GERMANY OFFERING FREE RENAULTS WITH NEW SUBSIDIES
Well no wonder sales of the Renault Zoe surged in Europe. Last week we reported registrations were up 107% last month, the bulk coming from France and Germany. We noted that was due to new EV incentives, but we didn’t realize how generous those incentives are. In France buyers get a 7,000 euro subsidy, while in Germany it’s 9,000 euros. And Bloomberg reports a dealer chain in Germany is advertising a lease for the Zoe that is entirely covered by subsidies. In France, the Zoe can be leased for 79 euros a month. That’s not the only screaming deal. The smart EQ is available via lease in Germany for under 10 euro a month. Most EVs will likely benefit from the incentives, but this also goes to show what we’ve been saying for a while; EVs need subsidies to grow sales. Without them, sales fall off.
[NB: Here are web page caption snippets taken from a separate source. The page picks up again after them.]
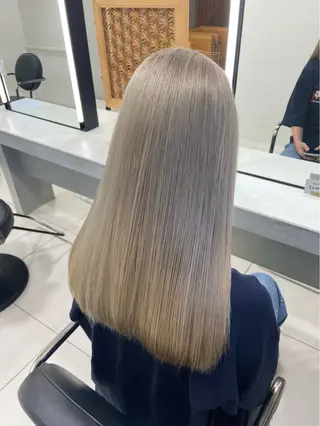 ロング カラー 🫧🎀SARA/ ブリーチ/金山💓のヘアスタイル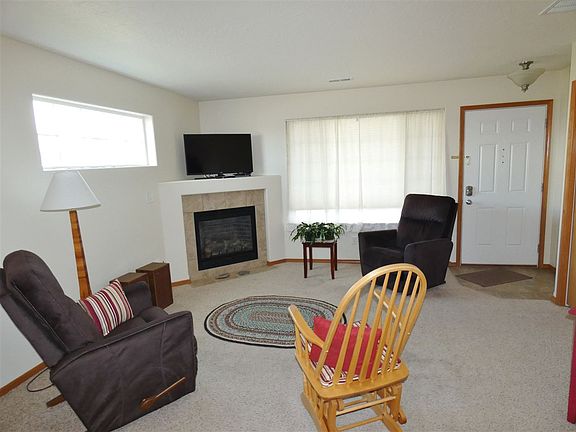 3rd image of 819 Golden Hills Dr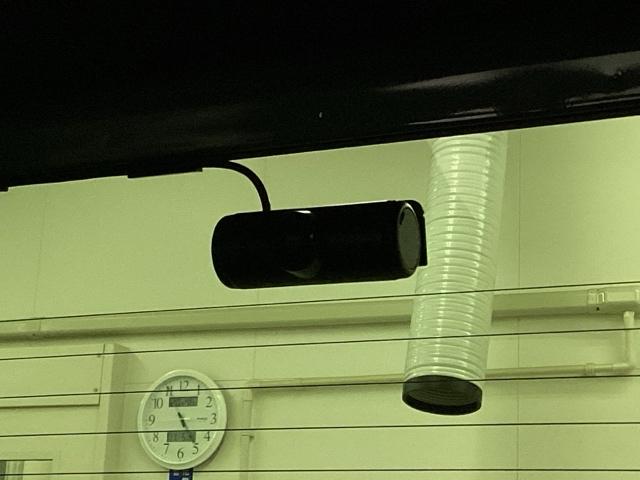 Ｎ－ＢＯＸカスタム ターボコーディネートスタイル　中古スタッドレスタイヤ、純正メモリーナビ、ドライブレコーダー前後装着＋ＥＴＣ付　当社デモカー　サイドエアバッグ　ＬＥＤライト　前席シートヒーター　フルセグＴＶ　スマキー　ＤＶＤ　ＶＳＡ　ベンチシート（22枚目）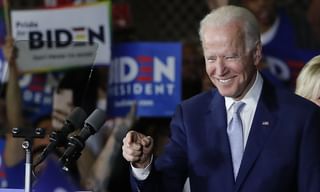 సెక్స్‌ వర్కర్లకు రాష్ట్ర సర్కార్ కరోనా ఆఫర్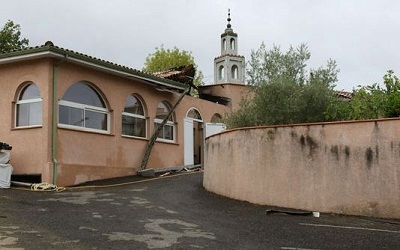 France: trois mosquées fermées pour radicalisme une mesure sans précédent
EUROPEAN CAR SALES SHOW IMPROVEMENT
And speaking of car sales in Europe, the numbers are still weak but the auto industry is showing signs of improvement. According to the European Auto Industry Association, automakers sold more than 1.1 million vehicles in June, which is down 24% compared to a year ago. But that’s an improvement over the 57% drop in May. All countries in Europe saw sales fall except France, which posted a 1.2% gain thanks to incentives for low-emission vehicles. Through the first half of the year, sales are down about 40% in Europe.
U.S. MANUFACTURING UP, BUT STILL NOT BACK TO NORMAL
U.S. manufacturing output increased again last month. Reuters reports it was up 7.2% in June, after increasing 3.8% in May. Here’s our Autoline Insight. Automakers have been running a lot of overtime to make up for lost production and low inventory levels. In fact, total inventory in the U.S. is 1.3 million vehicles below where it was last year. And while automakers continue to increase production, output is still over 11% below where it was in February.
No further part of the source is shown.